• _Work instructions_
All pictures are to be omitted while the lines starting at the line with "salió del aire" and ending at the line with "GMC SIERRA 1500" in the material below are retyped exactly, both ends included.

• _Data for this exercise_
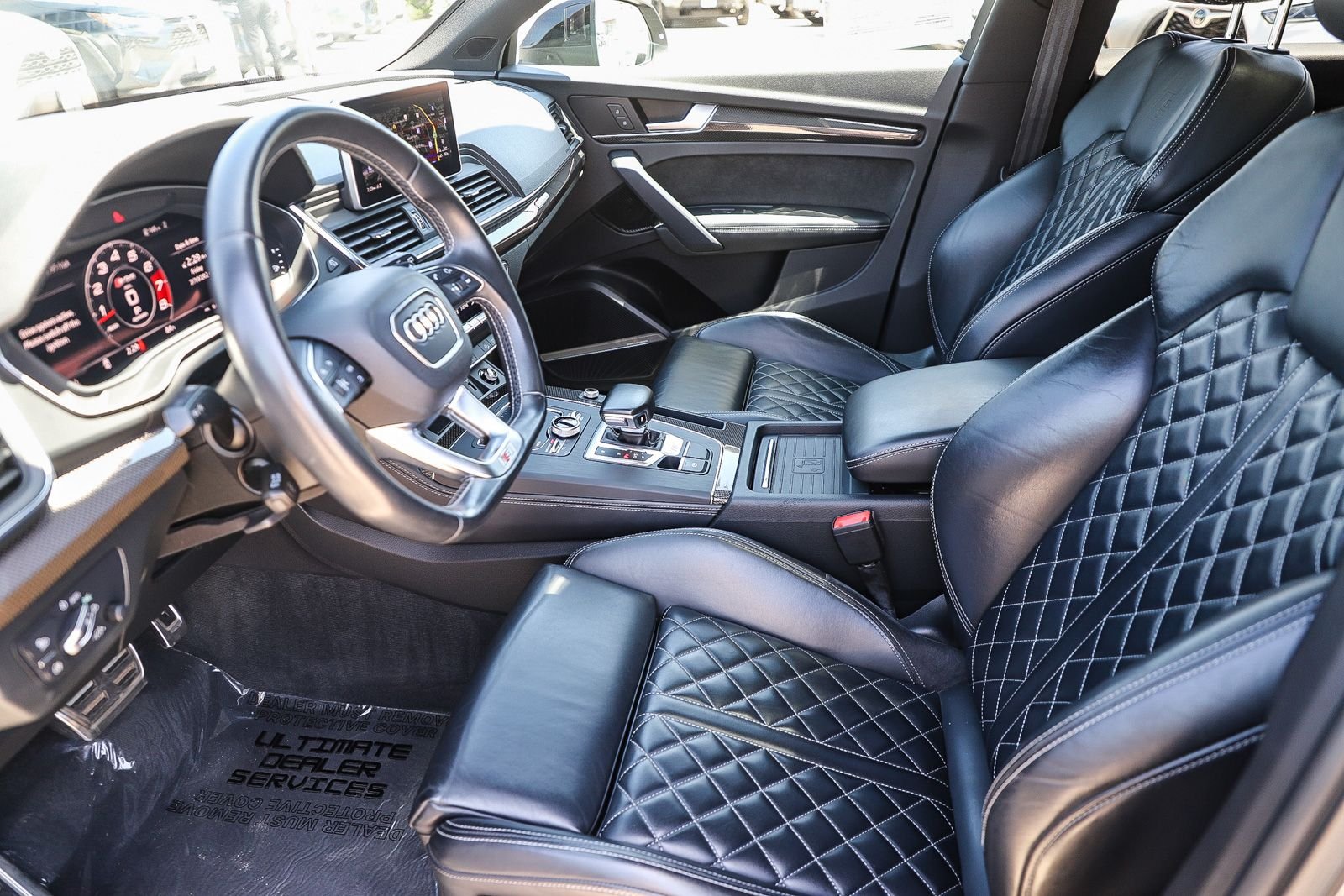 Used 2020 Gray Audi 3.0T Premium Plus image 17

--

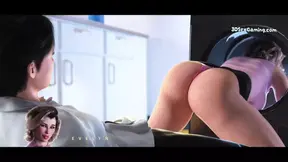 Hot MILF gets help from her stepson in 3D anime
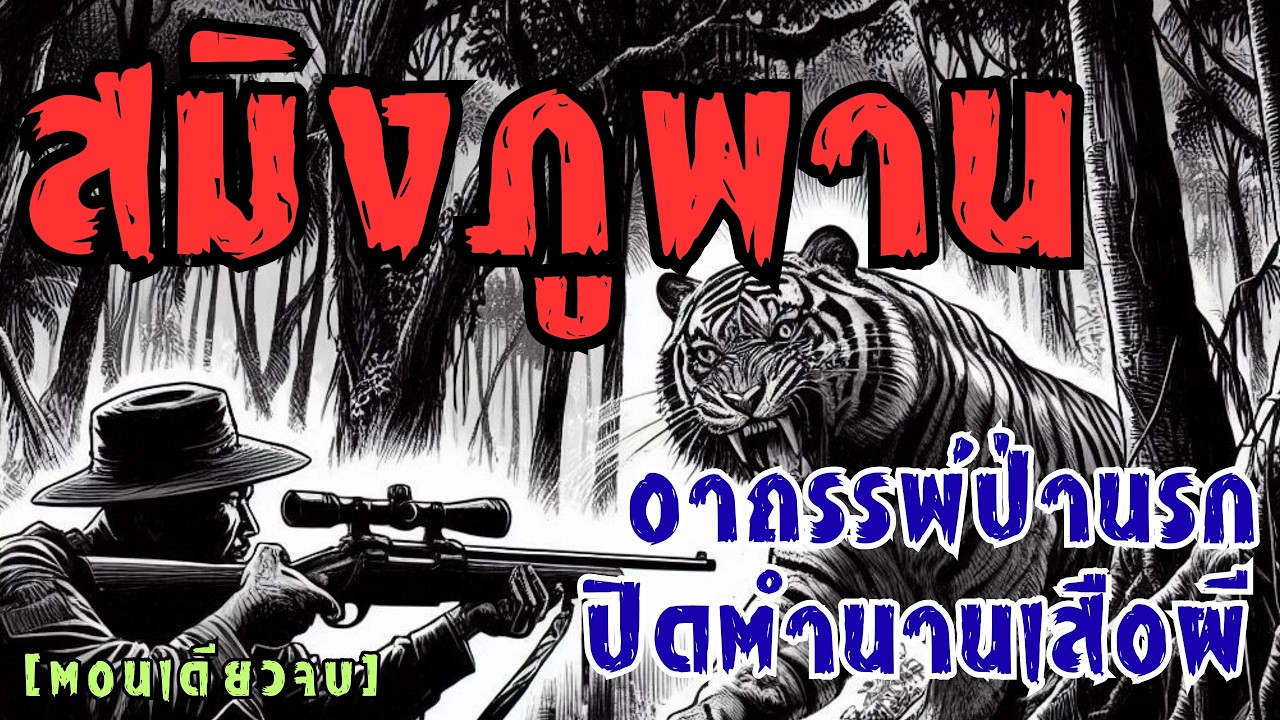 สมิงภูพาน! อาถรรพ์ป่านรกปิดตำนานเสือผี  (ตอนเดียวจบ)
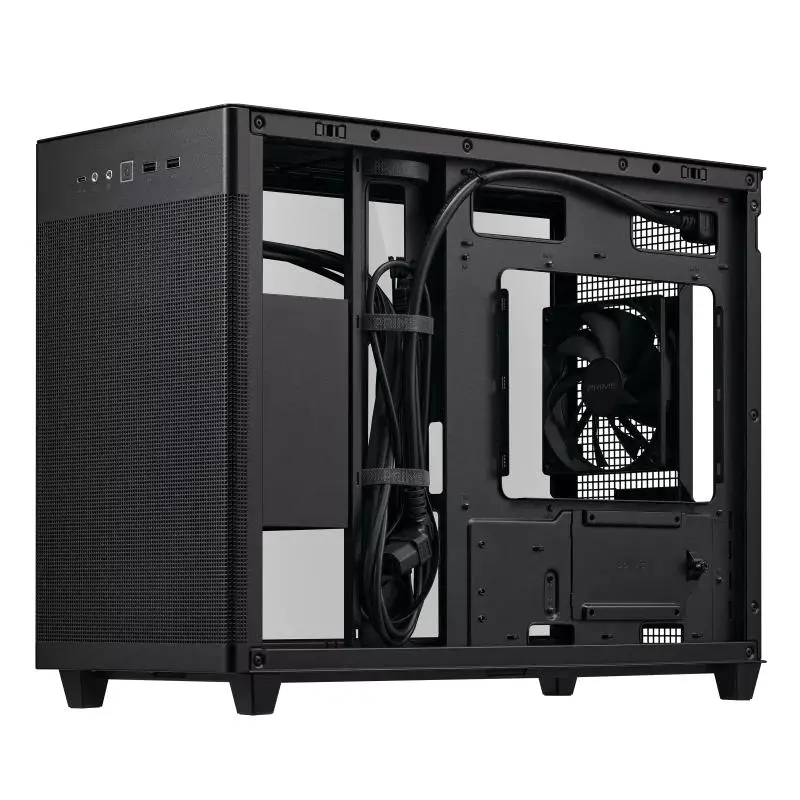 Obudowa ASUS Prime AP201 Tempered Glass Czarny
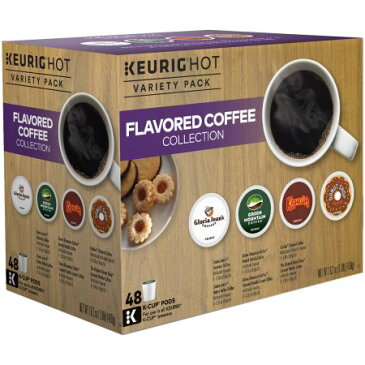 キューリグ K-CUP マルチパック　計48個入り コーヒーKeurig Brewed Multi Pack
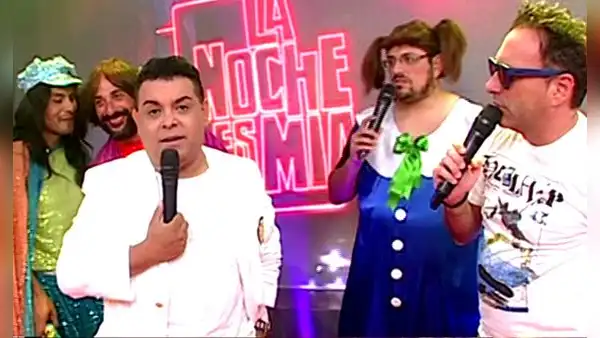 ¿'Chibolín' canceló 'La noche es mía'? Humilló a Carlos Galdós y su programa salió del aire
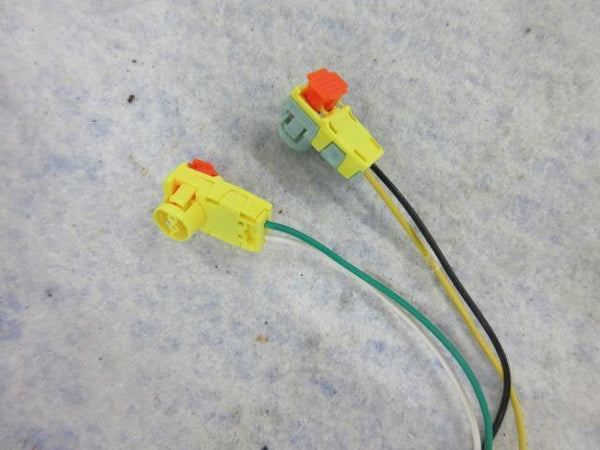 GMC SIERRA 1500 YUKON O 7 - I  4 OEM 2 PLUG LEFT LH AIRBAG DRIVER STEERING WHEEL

• _Task solution_
 ¿'Chibolín' canceló 'La noche es mía'? Humilló a Carlos Galdós y su programa salió del aire
 GMC SIERRA 1500 YUKON O 7 - I  4 OEM 2 PLUG LEFT LH AIRBAG DRIVER STEERING WHEEL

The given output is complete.